Pelayanan kesehatan masa sebelum hamil sangatlah penting dalam mendukung penurunan AKI, AKB, dan stunting,” kata Pj. Sekda Dairi Jonny Hutasoit dalam kegiatan Forum Lintas Program/Lintas Sektor dan Umat Beragama dalam Pendampingan Catin di Kabupaten Dairi bertempat di Aula Sada Ahmo, Kamis (5/12/2024).
Pj. Sekda Dairi Jonny Hutasoit menambahkan, intervensi yang dilakukan untuk Catin yaitu pemeriksaan kesehatan, pendampingan kesehatan reproduksi, dan edukasi gizi. Ini sangat penting karena mereka merupakan calon ibu yang akan melahirkan anak dalam kondisi sehat.
Sementara kalau kekurangan gizi pada Catin dapat meningkatkan risiko melahirkan anak stunting.

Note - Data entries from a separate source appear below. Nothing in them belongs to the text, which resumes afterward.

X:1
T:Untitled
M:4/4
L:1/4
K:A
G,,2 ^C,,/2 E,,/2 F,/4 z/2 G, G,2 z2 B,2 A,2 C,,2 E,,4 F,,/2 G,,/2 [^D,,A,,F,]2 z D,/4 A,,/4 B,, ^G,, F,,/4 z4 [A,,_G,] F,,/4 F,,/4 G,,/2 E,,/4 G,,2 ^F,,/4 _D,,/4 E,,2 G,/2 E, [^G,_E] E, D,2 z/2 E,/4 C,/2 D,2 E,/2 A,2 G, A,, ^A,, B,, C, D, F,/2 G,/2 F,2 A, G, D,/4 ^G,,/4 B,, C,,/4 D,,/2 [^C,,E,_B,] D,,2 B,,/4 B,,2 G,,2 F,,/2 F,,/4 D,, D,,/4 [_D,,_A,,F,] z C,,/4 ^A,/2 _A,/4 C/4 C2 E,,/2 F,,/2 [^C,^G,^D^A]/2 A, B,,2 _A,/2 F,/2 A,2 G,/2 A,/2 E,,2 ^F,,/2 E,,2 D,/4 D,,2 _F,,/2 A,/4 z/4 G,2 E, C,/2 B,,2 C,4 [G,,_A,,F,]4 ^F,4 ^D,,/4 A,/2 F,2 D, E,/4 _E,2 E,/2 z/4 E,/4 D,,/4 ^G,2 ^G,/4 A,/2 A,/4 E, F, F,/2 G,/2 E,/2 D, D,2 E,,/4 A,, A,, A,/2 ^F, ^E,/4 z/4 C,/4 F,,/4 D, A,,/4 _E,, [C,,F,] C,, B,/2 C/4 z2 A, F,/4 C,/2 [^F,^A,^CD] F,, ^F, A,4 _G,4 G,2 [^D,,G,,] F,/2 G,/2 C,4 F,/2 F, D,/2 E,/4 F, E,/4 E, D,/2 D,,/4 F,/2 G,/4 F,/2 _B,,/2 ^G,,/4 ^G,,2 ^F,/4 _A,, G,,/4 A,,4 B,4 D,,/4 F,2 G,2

“Selain pelayanan kesehatan perlu adanya bimbingan perkawinan dari kantor urusan agama, dan rumah ibadah. Dalam hal ini, peran agama sangat penting dalam memandu calon pengantin untuk menjalani hidup berkelanjutan yang bahagia dan sehat,” ungkap Pj Sekda Dairi.
Dijelaskan, laporan sampai dengan Oktober 2024, jumlah pasangan Catin terdaftar di KUA dan rumah ibadah sebanyak 1001 Catin atau sekitar 22.71% dari sasaran perkiraan pasangan Catin Kemenag. Dilaporkan ada 978 Catin mendapatkan pemeriksaan kesehatan di fasilitas pelayanan kesehatan, terdiri dari 492 Catin perempuan dan 487 Catin laki-laki.

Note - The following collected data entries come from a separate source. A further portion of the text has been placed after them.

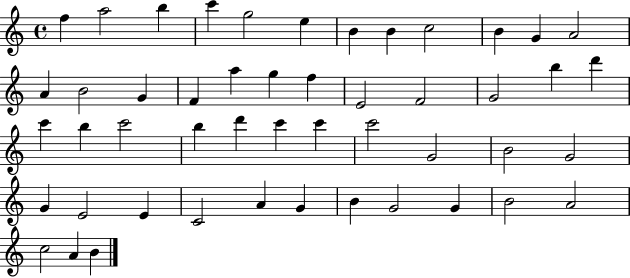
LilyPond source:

{
  \clef treble
  \time 4/4
  \defaultTimeSignature
  \key c \major
  f''4 a''2 b''4 | c'''4 g''2 e''4 | b'4 b'4 c''2 | b'4 g'4 a'2 | \break a'4 b'2 g'4 | f'4 a''4 g''4 f''4 | e'2 f'2 | g'2 b''4 d'''4 | \break c'''4 b''4 c'''2 | b''4 d'''4 c'''4 c'''4 | c'''2 g'2 | b'2 g'2 | \break g'4 e'2 e'4 | c'2 a'4 g'4 | b'4 g'2 g'4 | b'2 a'2 | \break c''2 a'4 b'4 | \bar "|."
}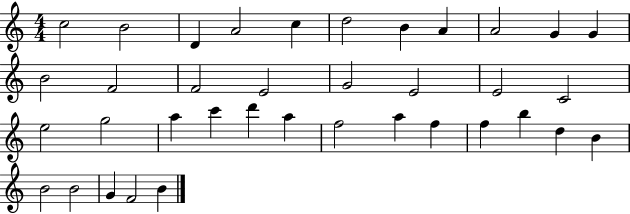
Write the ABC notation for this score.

X:1
T:Untitled
M:4/4
L:1/4
K:C
c2 B2 D A2 c d2 B A A2 G G B2 F2 F2 E2 G2 E2 E2 C2 e2 g2 a c' d' a f2 a f f b d B B2 B2 G F2 B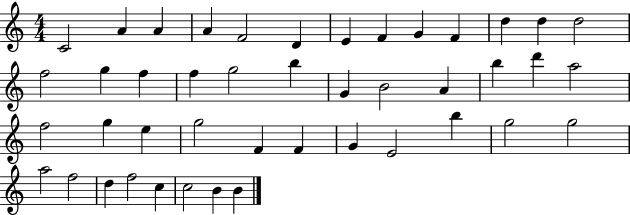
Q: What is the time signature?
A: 4/4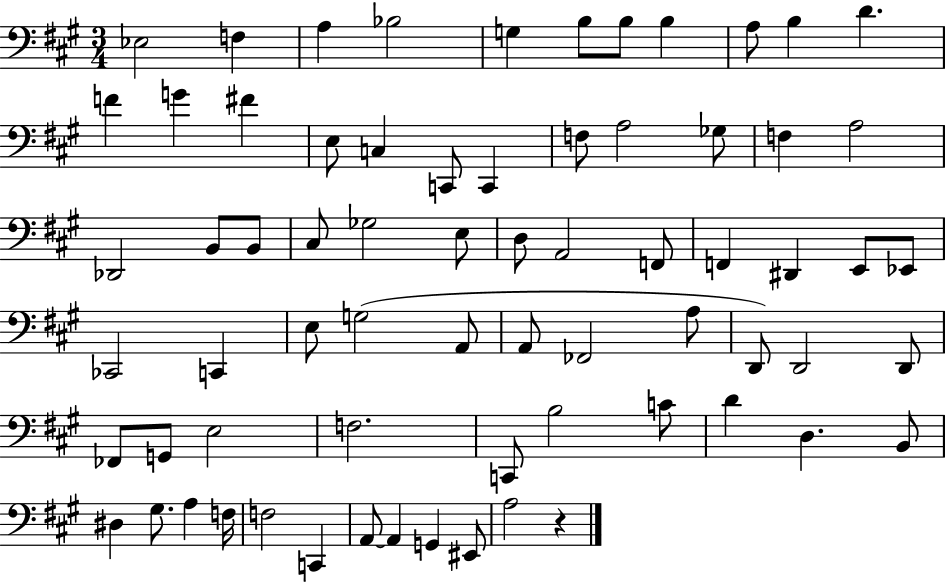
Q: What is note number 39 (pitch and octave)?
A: E3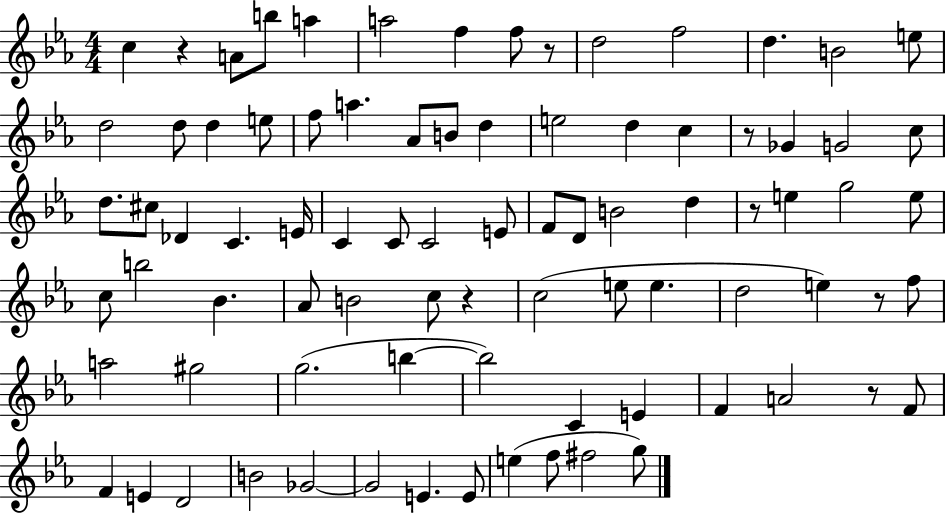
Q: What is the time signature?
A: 4/4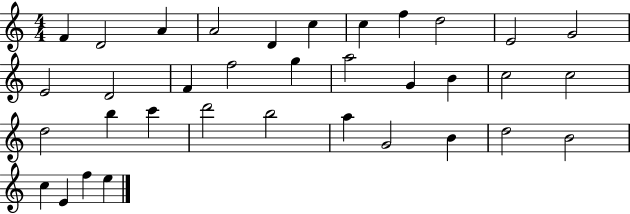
{
  \clef treble
  \numericTimeSignature
  \time 4/4
  \key c \major
  f'4 d'2 a'4 | a'2 d'4 c''4 | c''4 f''4 d''2 | e'2 g'2 | \break e'2 d'2 | f'4 f''2 g''4 | a''2 g'4 b'4 | c''2 c''2 | \break d''2 b''4 c'''4 | d'''2 b''2 | a''4 g'2 b'4 | d''2 b'2 | \break c''4 e'4 f''4 e''4 | \bar "|."
}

Sedangkan Catin perempuan ditemukan dengan anemia sebesar 2.65%, kekurangan gizi 2.65%, Catin perempuan dengan obesitas dan hipertensi sebesar 4.07%. Seluruh Catin juga dilakukan skrining sifilis.
“Mari kita perkuat sinergitas dan kolaborasi lintas sektor dan profesi dalam upaya menurunkan AKI, AKB, dan stunting di Dairi,” ucap Jonny Hutasoit.*** (mata)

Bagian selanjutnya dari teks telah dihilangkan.